Start of RECORDS SUPPLIED

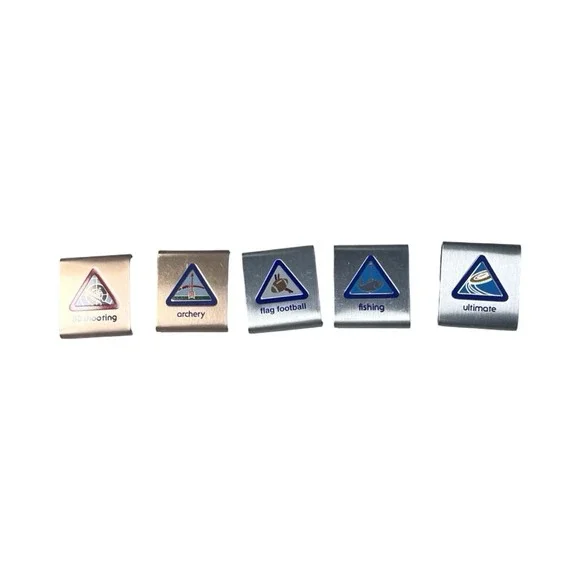 Boy‎ Scouts BSA Cub Scout Belt Merit Badges Adventure Loop Slides Lot Of 5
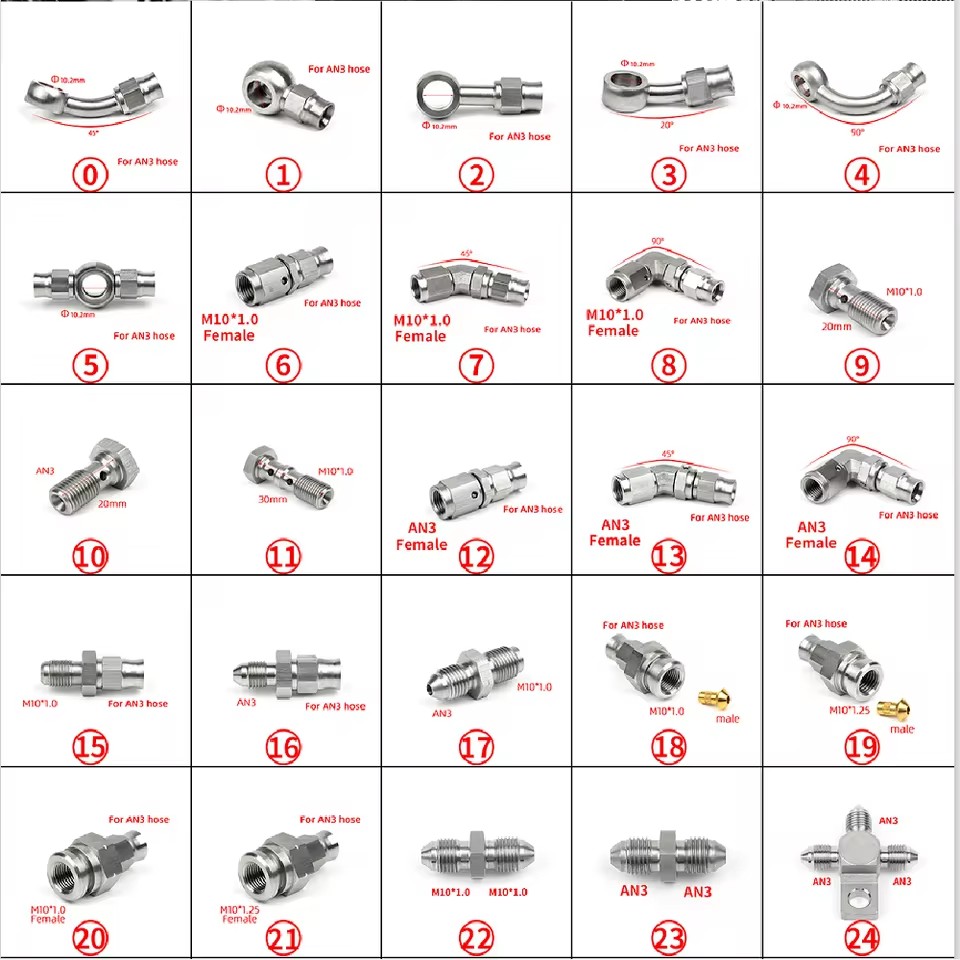 Brake Line Motorcycle - خرطوم زيت الفرامل الهيدروليكي للسيارات والدراجات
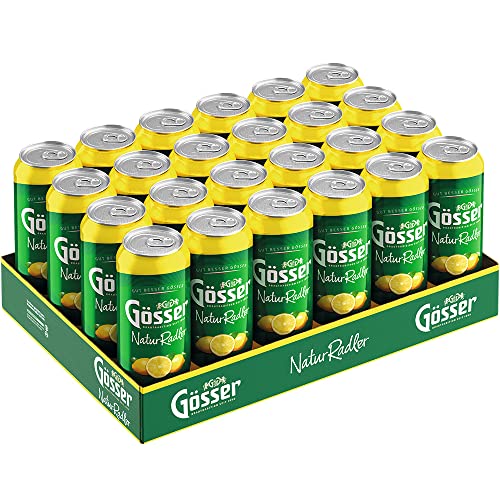 Gösser NaturRadler, Sortenreines Paket, Dose Biermischgetränk EINWEG (24 x 0.5 l) von Gösser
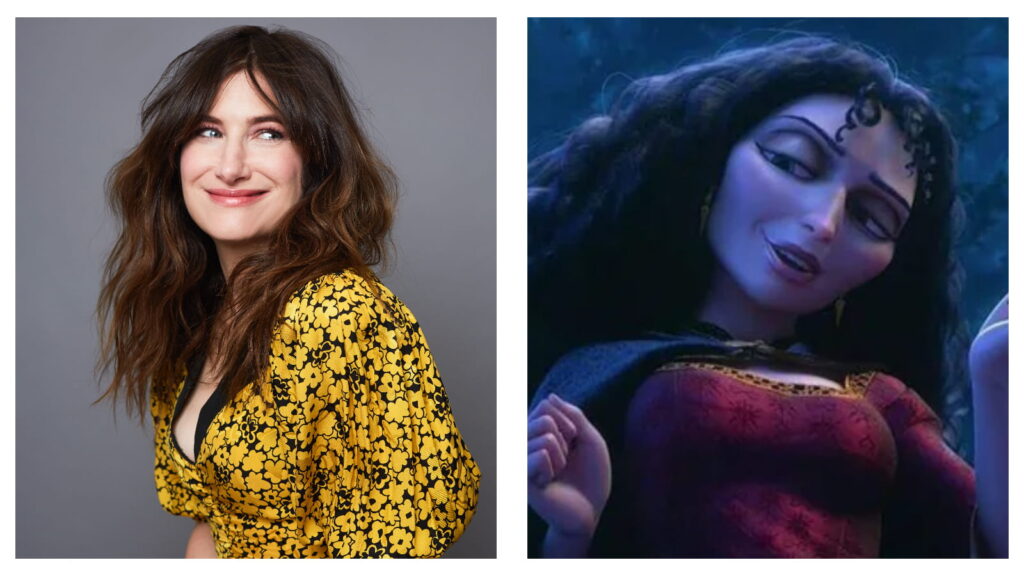 Kathryn Hahn and Mother Gothel tangled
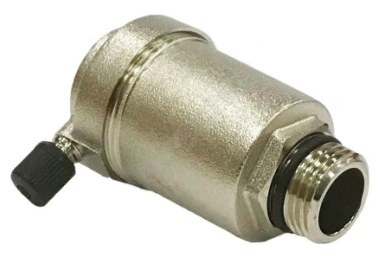 Воздухоотводчик муфтовый (резьбовой) TZ Valve TZ-001 1/2″ Ду15 Ру10 автоматический с горизонтальным колпачком ремонтопригодный, корпус - латунь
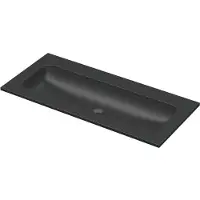 Ink Aspekt Meubelwastafel 100x45cm Keramiek - Centraal - Zonder Kraangat - Mat Zwart - 8718835370015 - Recht - Wastafels, Meubelwastafels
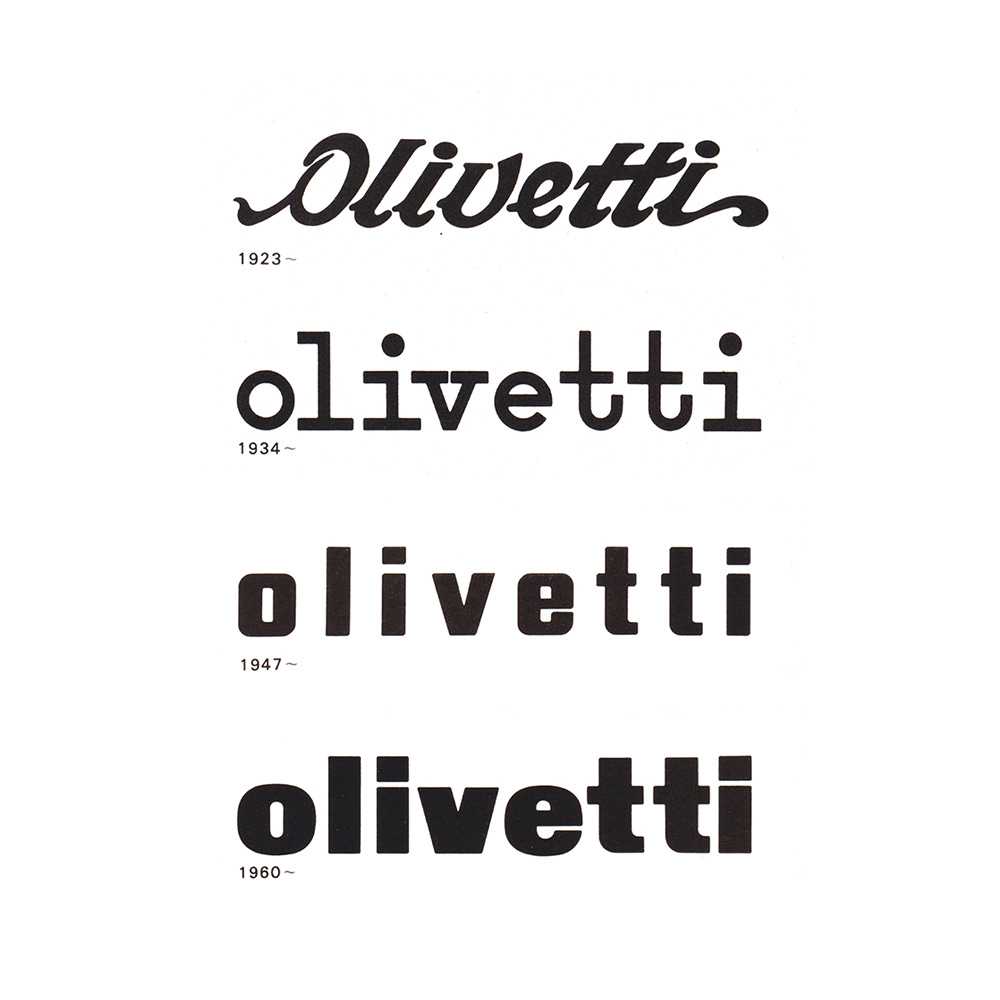 Olivetti logos through time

End of RECORDS SUPPLIED

Print exactly, and only, the lines from the line containing "Kathryn Hahn and Mother Gothel tangled" to the last line of the material above, with every picture left out.

 Kathryn Hahn and Mother Gothel tangled
 Воздухоотводчик муфтовый (резьбовой) TZ Valve TZ-001 1/2″ Ду15 Ру10 автоматический с горизонтальным колпачком ремонтопригодный, корпус - латунь
 Ink Aspekt Meubelwastafel 100x45cm Keramiek - Centraal - Zonder Kraangat - Mat Zwart - 8718835370015 - Recht - Wastafels, Meubelwastafels
 Olivetti logos through time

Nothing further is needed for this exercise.